INSTRUCTIONS FOR THE TASK:
Would you write out each line of the material below exactly, skipping every picture?

DATA EXCERPT:
=== Begin Enclosure ===
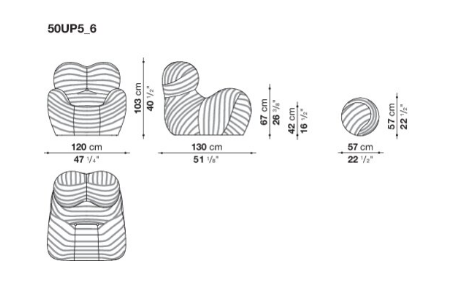 DD-406 Armchairs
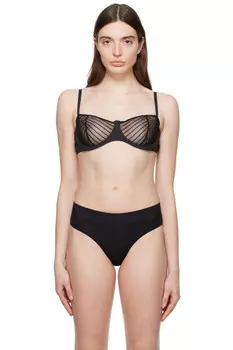 Бюстгальтер с теневой полосой Wolford, черный
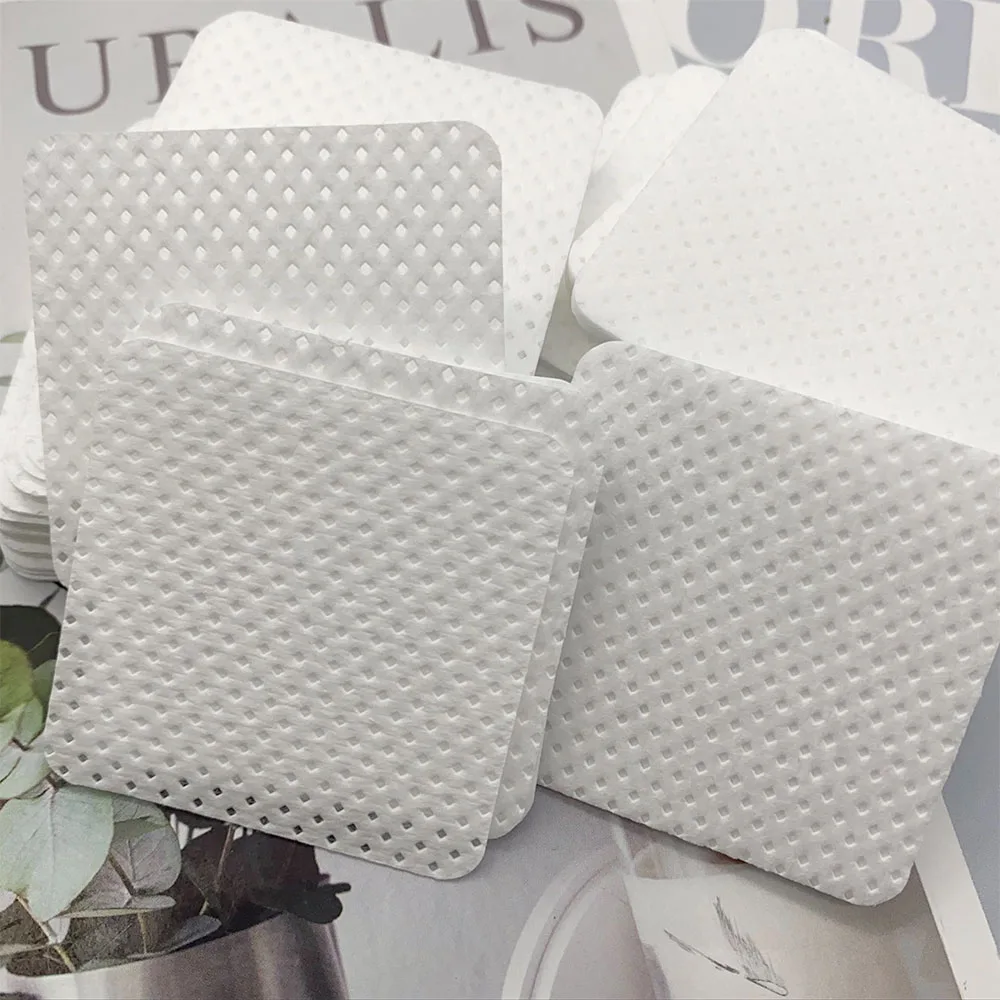 100/300pcs Wipes Paper Cotton  - Nail Art Ombre ulasan dan harga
=== End Enclosure ===
RESPONSE TO THIS EXERCISE:
 DD-406 Armchairs
 Бюстгальтер с теневой полосой Wolford, черный
 100/300pcs Wipes Paper Cotton  - Nail Art Ombre ulasan dan harga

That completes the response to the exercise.